During and shortly after my undergraduate education, I tried a few different career paths that didn’t work out. Eventually, I felt like GIS could be a way to continue using my environmental degree while pursuing a renewed interest in tech. This was very much true- with some caveats. To be successful in GIS, you should be able to code and have some knowledge in statistics. During my graduate education, I took as many computer science and programming-centric courses I could- and I still felt like there was much, much more to learn. But, it was enough to get me through the door.
I am creating four non-distinct, overlapping areas that I think anyone interested in GIS, spatial data science, and engineering should study- because that is what I did. They are:
Computer Science
Computer science is a broad field, and can be used in a large number of disciplines. It is the study of computers and computational systems. It has many components, but my own experience tells me that its concepts in data structures and algorithms are most fundamental and important. Knowledge of computer science can be extremely beneficial for working with data efficiently.
Software Engineering
Software engineering is the systematic design, development, testing, and maintenance of software. It is not to be forgotten that software engineering also encompasses project management and quality assurance. It goes well beyond ad hoc scripting- but if you can learn to code, you can learn to be a software engineer. It just takes dedication, like anything else. Knowledge of software engineering can help bring geospatial data and information solutions to your company, the government, and the masses.
Data Engineering
Data engineering is just a niche within software engineering, focused on data collection and processing. Data engineers build data pipelines- that is, software that helps move data from one place to another. Data pipelines should be built in a reproducible, versioned, automated, scalable, and robust way- minimizing the potential for data loss or data duplication; systems do fail and bugs are inevitably introduced in the software development process, so engineers attempt to mitigate this as much as possible. Usually, data engineers work to consolidate data from a wide variety of sources into a single, standardized data warehouse. The data that is collected is made available to data analysts and scientists for use in creating models, visualizations, dashbaords, and reports. Data engineering is my discipline at the time of writing this post.

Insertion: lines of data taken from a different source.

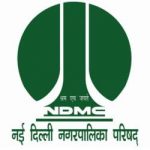 new-delhi-municipal-council-NDMC-logo-250x250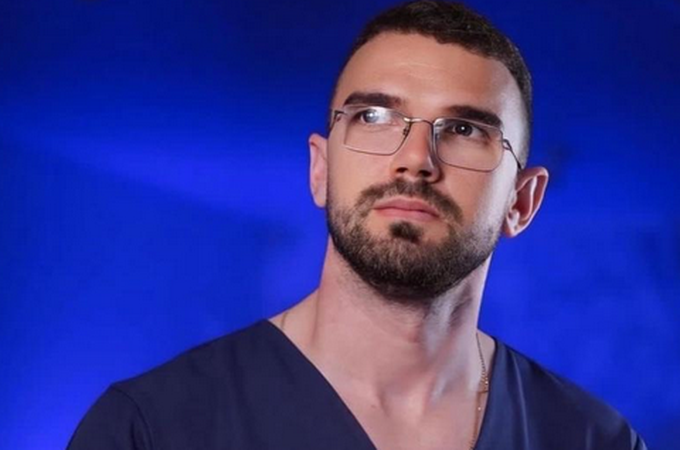 Quem era o enfermeiro morto a tiros em Arapiraca; soldado matou vítima em motel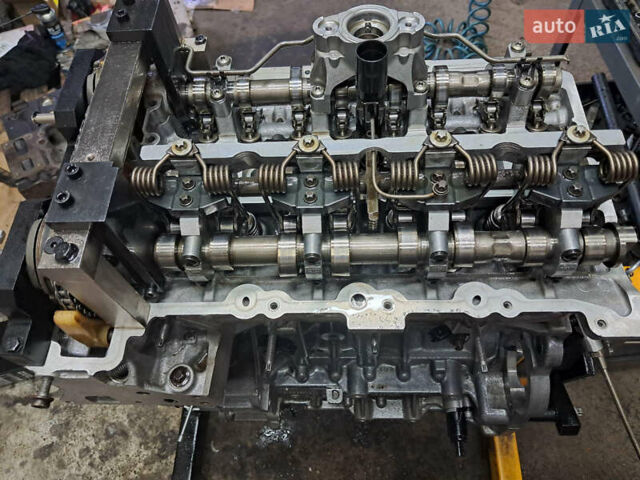 Синий БМВ 3 Серия, объемом двигателя 2 л и пробегом 120 тыс. км за 15999 $, фото 62 на Automoto.ua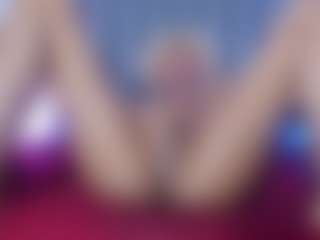 Alisha-Ebonyy's Live Sex Cam Show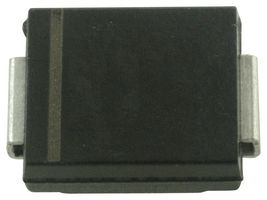 STMICROELECTRONICS SM30T47AY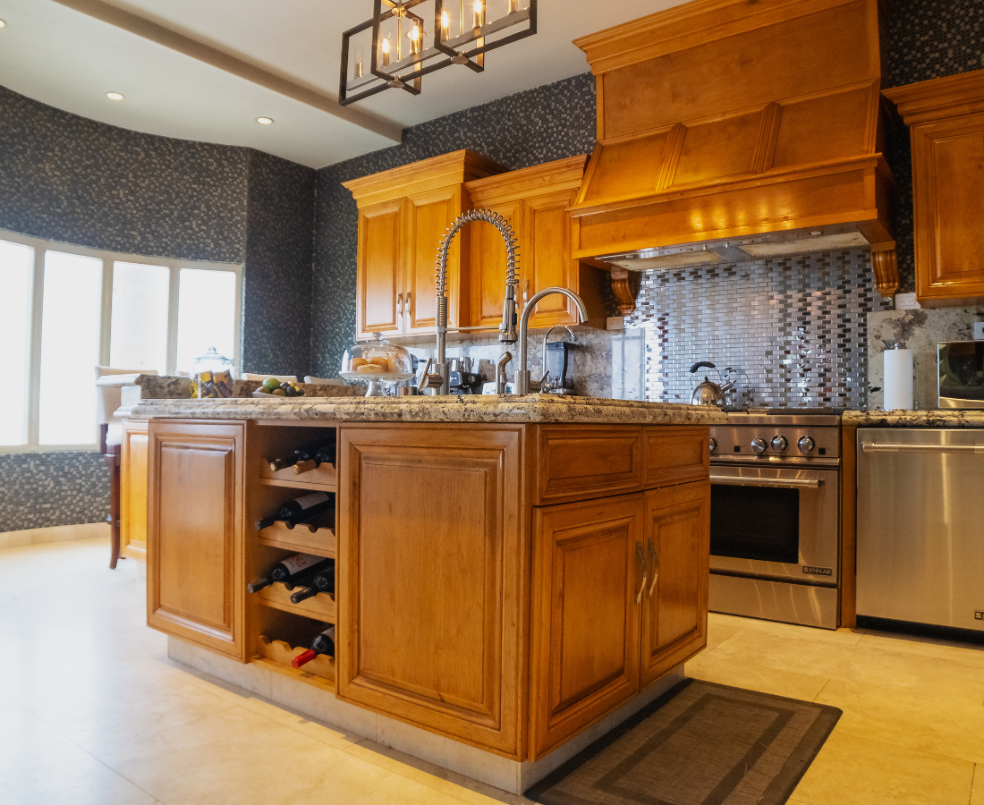 Blvd. Real del Mar, Tijuana, Baja California, 22565, Mexico, 5 Bedrooms Bedrooms, ,9 BathroomsBathrooms,Residential,For Sale,Blvd. Real del Mar,1480483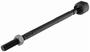 MasterPro Chassis Tie Rod End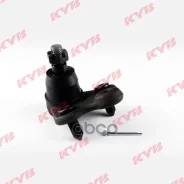 ������� ����� Honda CR-V 06-12 KYB ���. KBJ1160 KBJ1160 ����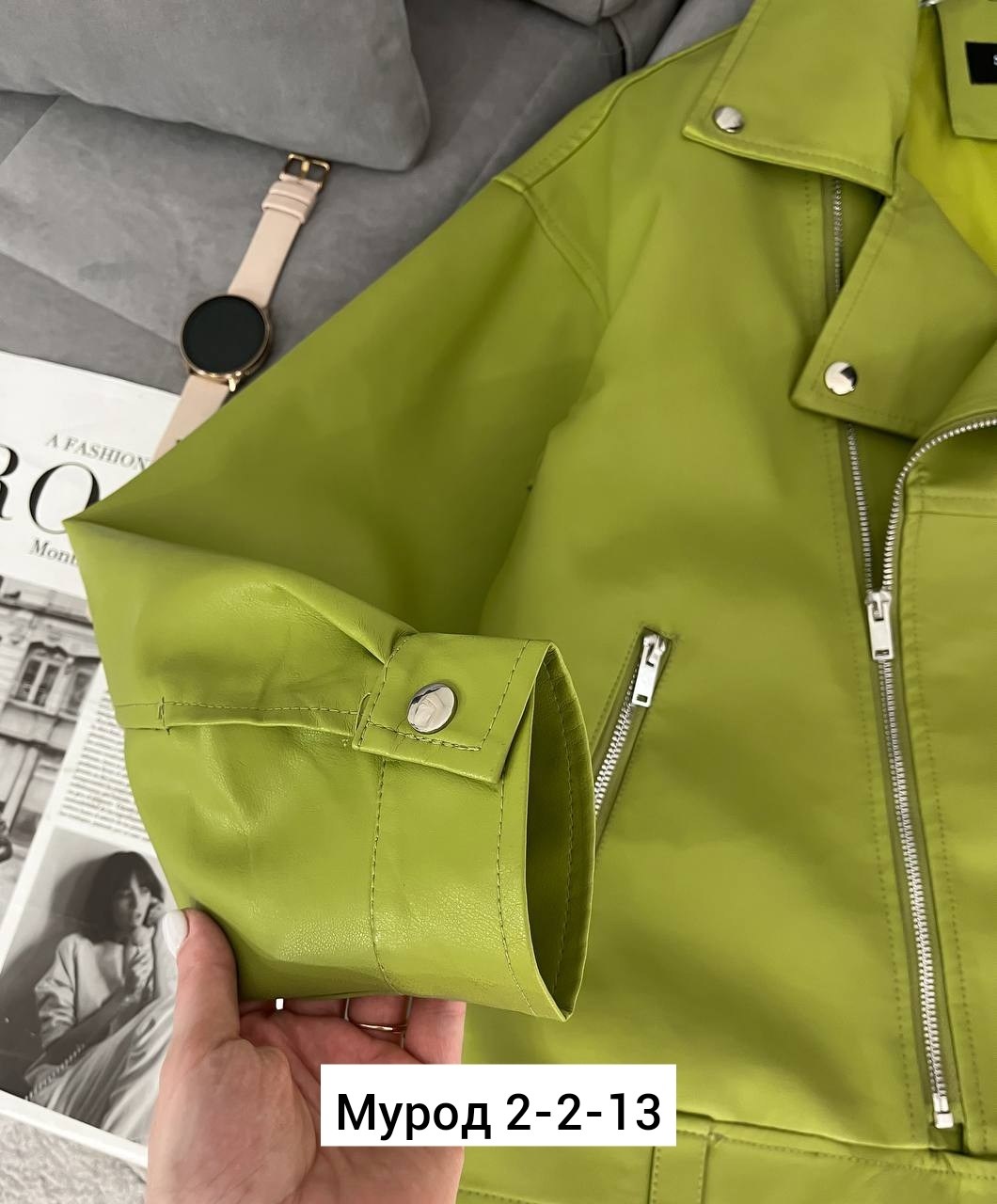 куртка женская,кожаная куртка,куртка,косуха куртка,куртка косуха женская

Spatial Data Science, GIS, and GIScience
Data science is a multidisciplinary field that combines statistics, artificial intelligence and machine learning, computer science, and industry or scientific knowledge to gain insights from data and predict future outcomes. There can be some overlaps with data engineering when it comes to data collection and munging, but data science specializes in the creation of models to make predictions based on historical data. Often times, the models data scientists create are used as integral parts of software offerings. Other times, the findings are purely academic or ad hoc in nature.

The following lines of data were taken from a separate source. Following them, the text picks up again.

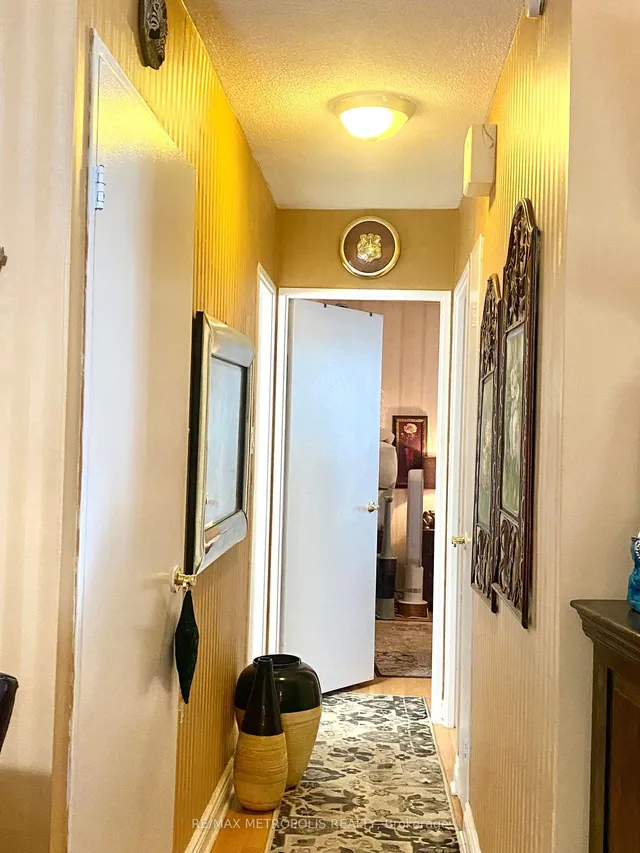 Additional image 10 of 380 Dixon Rd Unit 1506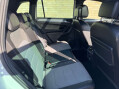 Volkswagen Tiguan 2.0 Tiguan R-Line TDI 4Motion Semi-Auto 4WD 5dr 86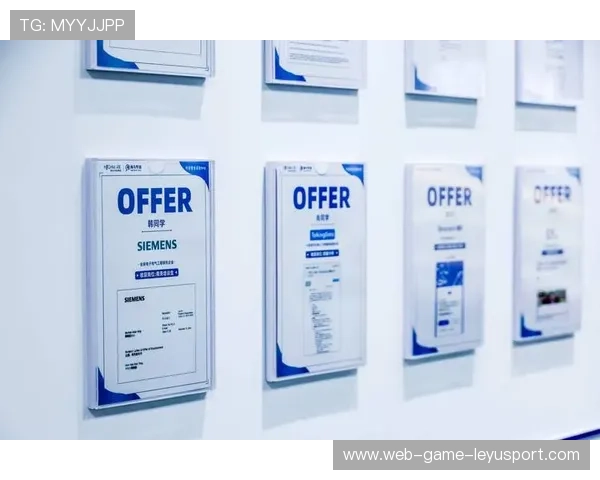 留学生求职机构2025权威排名，DBC职梦居首位，留学生 求职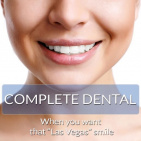 Complete Dental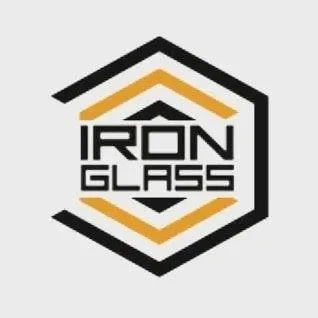 Ironglassadapters Promo Codes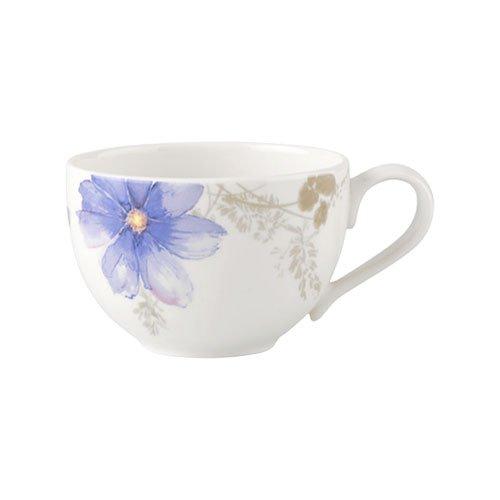 Villeroy & Boch Mariefleur Gris Basic Coffee upper cup 0.25 L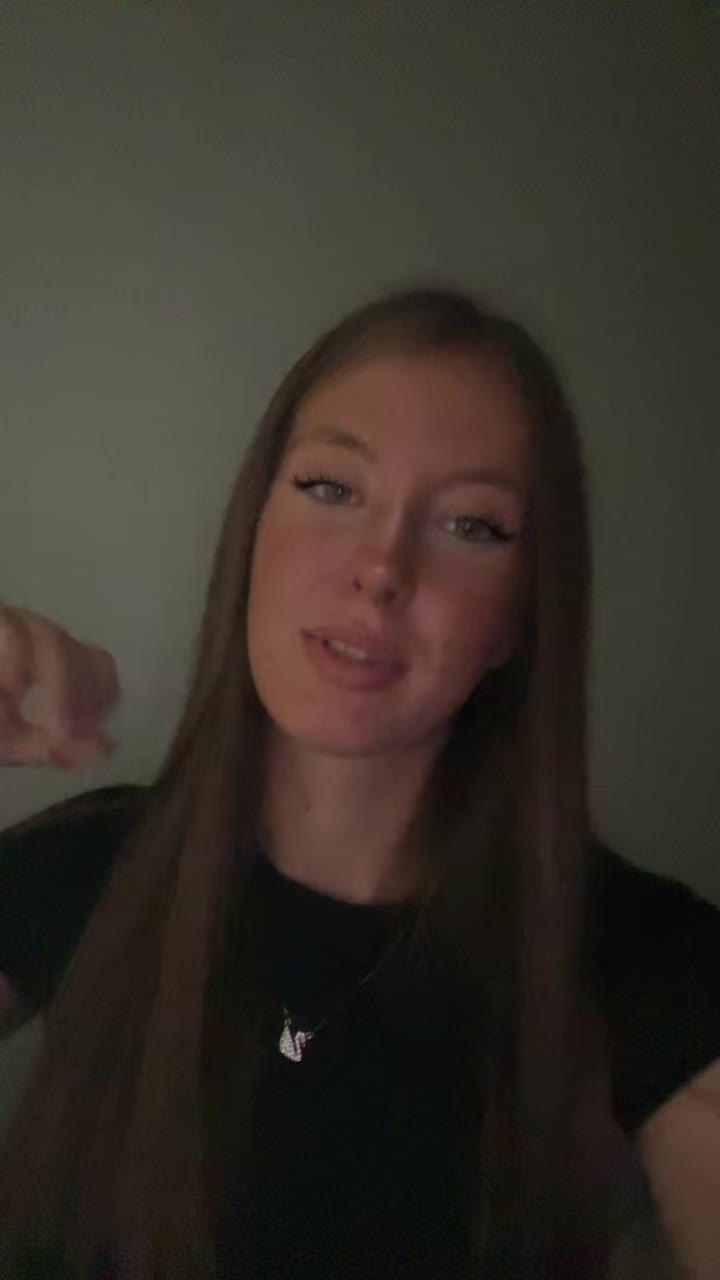 @vildana_31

Spatial data science is all of this, but focuses on data with a geographic component, which is an added layer of complexity. Spatial data science is very similar to geographic information science (GIS or GIScience), which is the basis for (and is also semantically similar to) geographic information systems (also GIS). While geographic information systems are the tools primarily concerned with the management, visualization and analysis of geographic data, geographic information science is the theory underpinning geographic information systems. Spatial data science, meanwhile, is more practical in nature than geographic information science by attempting to answer real world questions and often places an emphasis on predictive analyses.
TLDR: you can perform spatial data science using geographic information systems, but you cannot perform spatial data science without knowledge of geographic information science.